Web page caption snippets

══════

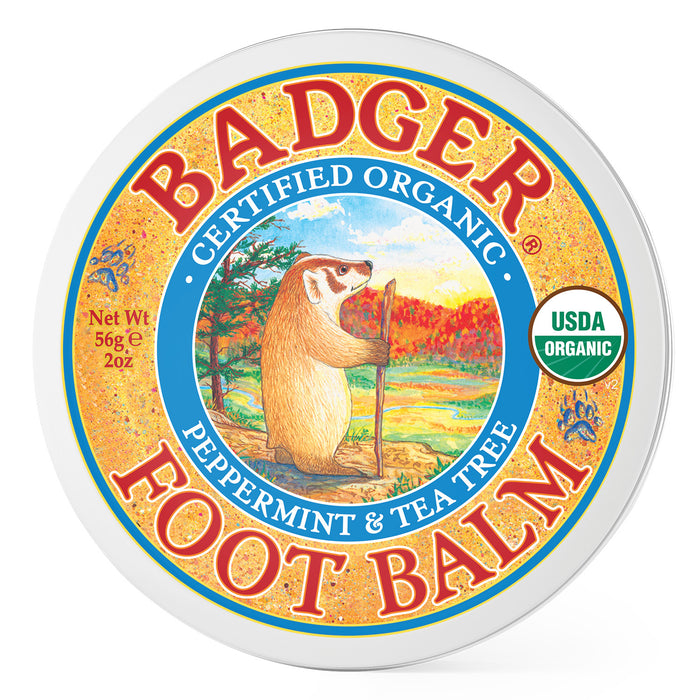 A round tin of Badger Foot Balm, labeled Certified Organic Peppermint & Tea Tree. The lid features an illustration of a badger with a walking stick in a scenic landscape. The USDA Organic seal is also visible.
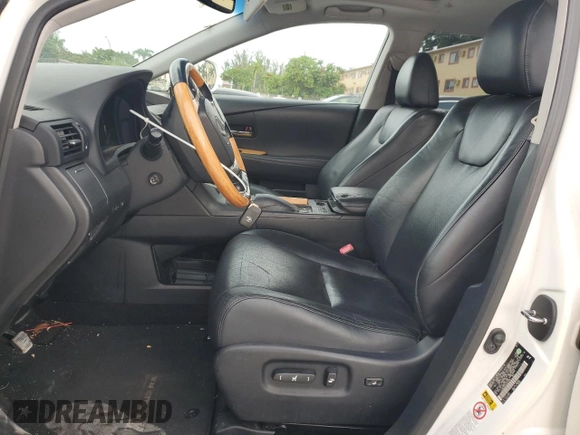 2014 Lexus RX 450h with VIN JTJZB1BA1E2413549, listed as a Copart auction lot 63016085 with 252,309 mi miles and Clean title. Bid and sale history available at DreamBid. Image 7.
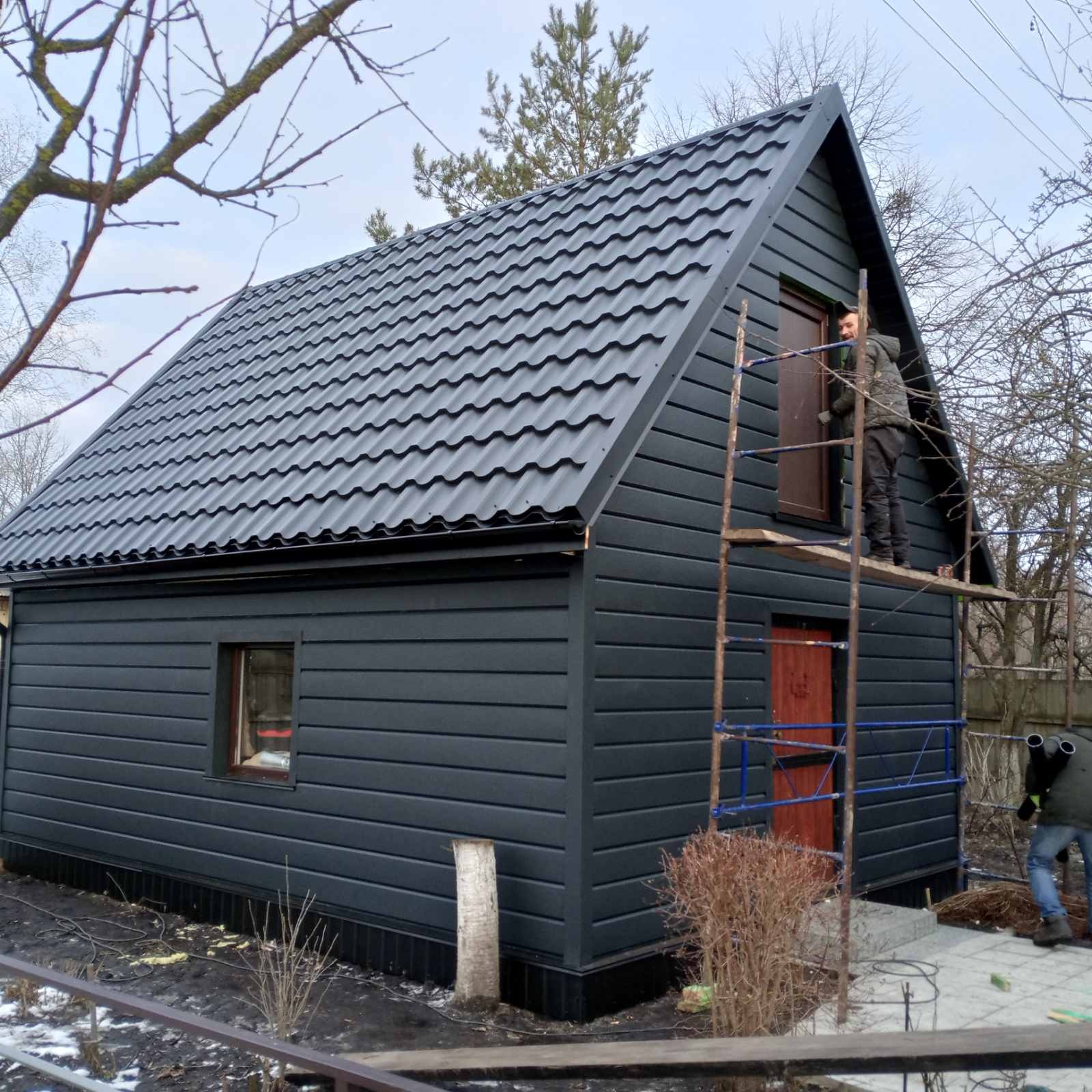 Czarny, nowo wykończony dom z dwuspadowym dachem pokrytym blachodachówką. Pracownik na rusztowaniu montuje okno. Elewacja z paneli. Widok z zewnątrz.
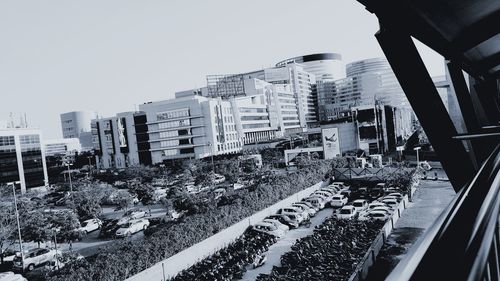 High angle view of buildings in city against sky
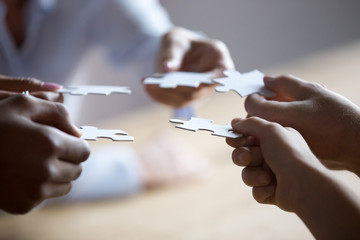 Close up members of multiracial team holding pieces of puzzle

══════

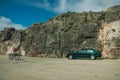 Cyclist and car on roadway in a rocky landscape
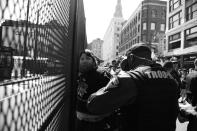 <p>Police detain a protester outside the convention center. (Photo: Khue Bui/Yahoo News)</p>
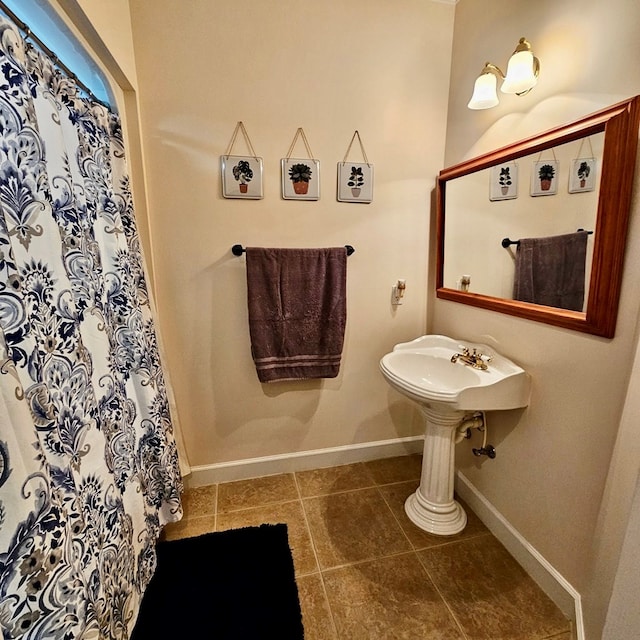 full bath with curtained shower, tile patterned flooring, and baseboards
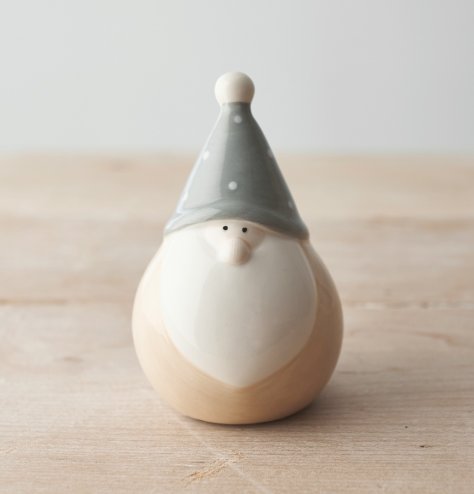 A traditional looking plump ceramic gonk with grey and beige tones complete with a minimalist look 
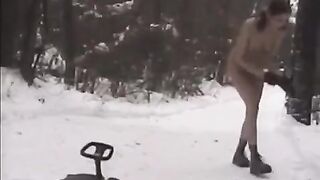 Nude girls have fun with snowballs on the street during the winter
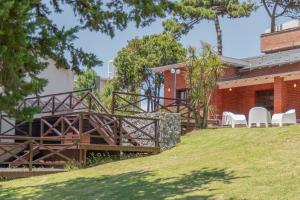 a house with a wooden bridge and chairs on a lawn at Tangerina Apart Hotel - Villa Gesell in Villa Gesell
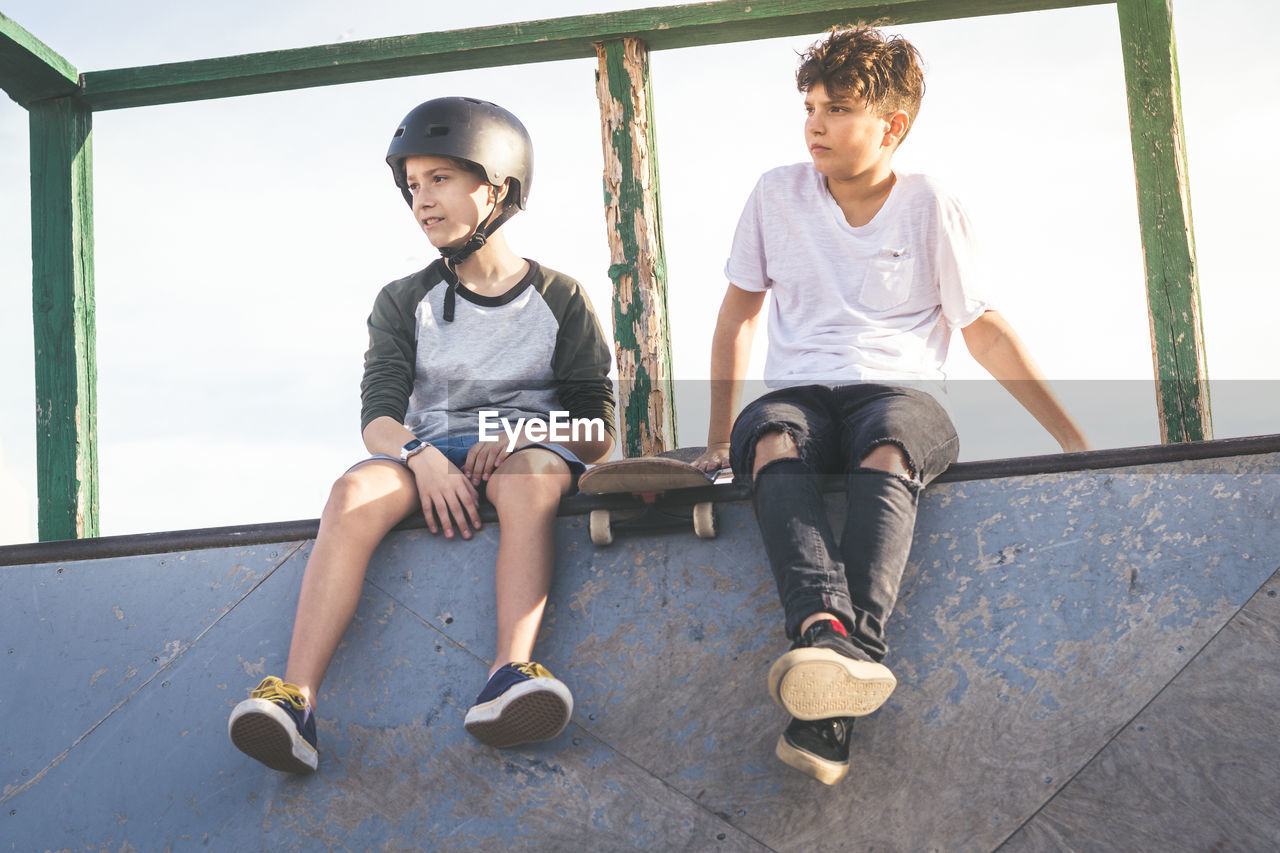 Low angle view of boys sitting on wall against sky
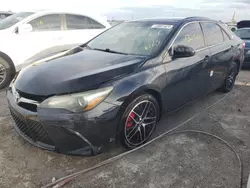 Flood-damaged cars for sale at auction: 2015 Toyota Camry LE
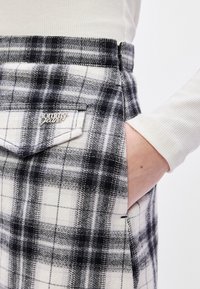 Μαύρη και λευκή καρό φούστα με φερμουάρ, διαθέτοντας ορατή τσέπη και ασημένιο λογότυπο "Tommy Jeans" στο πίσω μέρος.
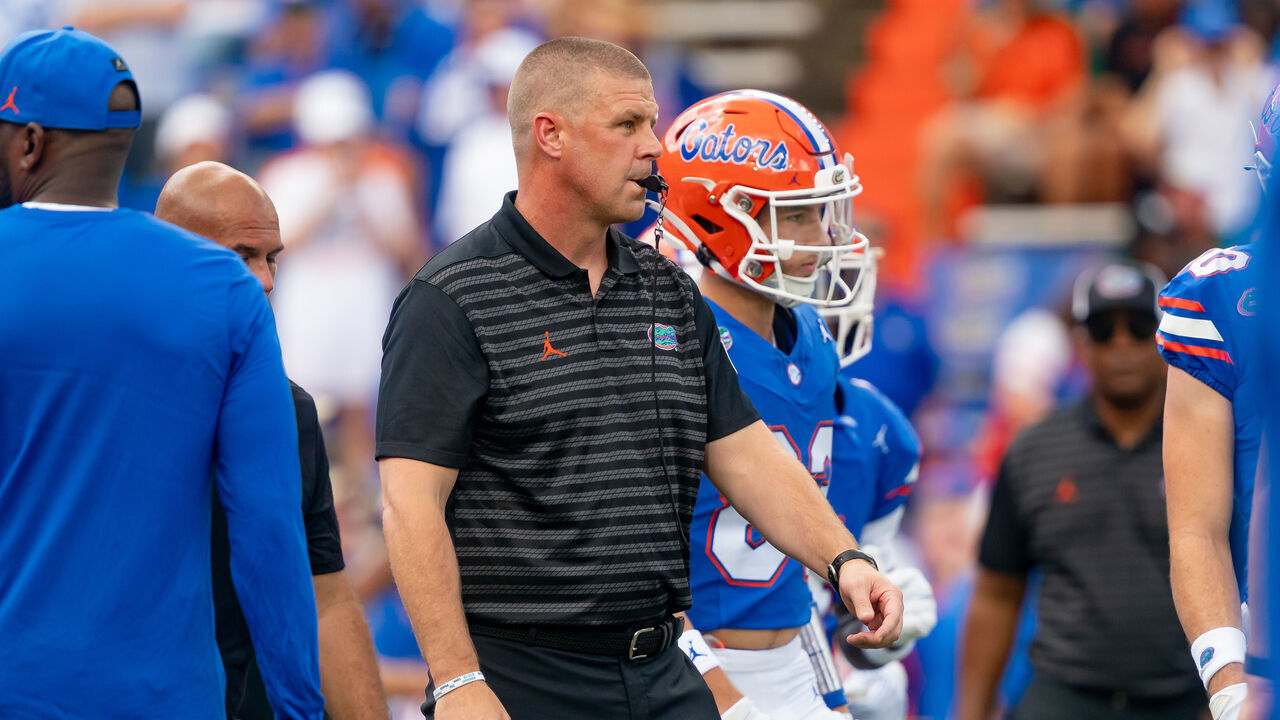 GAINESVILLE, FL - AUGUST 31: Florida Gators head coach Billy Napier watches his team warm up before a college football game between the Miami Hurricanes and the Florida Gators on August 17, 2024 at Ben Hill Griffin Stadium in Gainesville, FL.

══════

Task goal
Above are some entries. Restate word for word the lines from the one holding "Czarny, nowo wykończony" through the one holding "Close up members", but not the pictures.

Result for this task
 Czarny, nowo wykończony dom z dwuspadowym dachem pokrytym blachodachówką. Pracownik na rusztowaniu montuje okno. Elewacja z paneli. Widok z zewnątrz.
 High angle view of buildings in city against sky
 Close up members of multiracial team holding pieces of puzzle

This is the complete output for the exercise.